The change list coordinates are triplet array coordinates, not Life grid coordinates.

I've still got my BecomeAlive" and BecomeDead" helper methods. They take Life grid coordinates. They are still idempotent but they no longer update the change list because I want to do that on a per-triplet granularity, not a per-cell-changed granularity, and I don't want to use a hash table to deduplicate the change list.

Rather, they return true or false, changed or unchanged, and let the caller decide how to update the change list.

private bool BecomeAlive(int x, int y){ int tx = x / 3; Triplet t = triplets[tx, y]; switch (x % 3) { case 0: if (t.LeftCurrent) return false; triplets[tx - 1, y - 1] = triplets[tx - 1, y - 1].UUP(); triplets[tx, y - 1] = triplets[tx, y - 1].PPU(); triplets[tx - 1, y] = triplets[tx - 1, y].UUP(); triplets[tx, y] = t.SetLeftCurrent(true); triplets[tx - 1, y + 1] = triplets[tx - 1, y + 1].UUP(); triplets[tx, y + 1] = triplets[tx, y + 1].PPU(); break;

As in Abrash's algorithm, we do the expensive work of updating the living neighbour counts only when something changed.
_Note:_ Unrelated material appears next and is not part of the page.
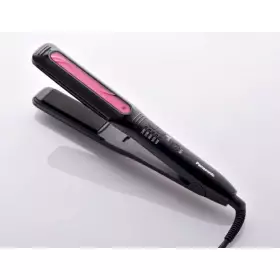 Электрощипцы для волос Panasonic EH-HV52-K865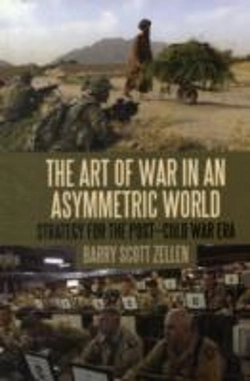 Bertrand.pt - The Art Of War In An Asymmetric World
If the left cell in a triplet changed then we need to update the counts of the triplets to the north, south, west, northwest and southwest.

We don't need to update the count of the middle cell in the current triplet because changing the state of the left state bit is what is going to update that count.

And we do not need to update the counts of the triplets to the east, northeast or southeast because those triplets have no neighbours in common with the left cell of this triplet.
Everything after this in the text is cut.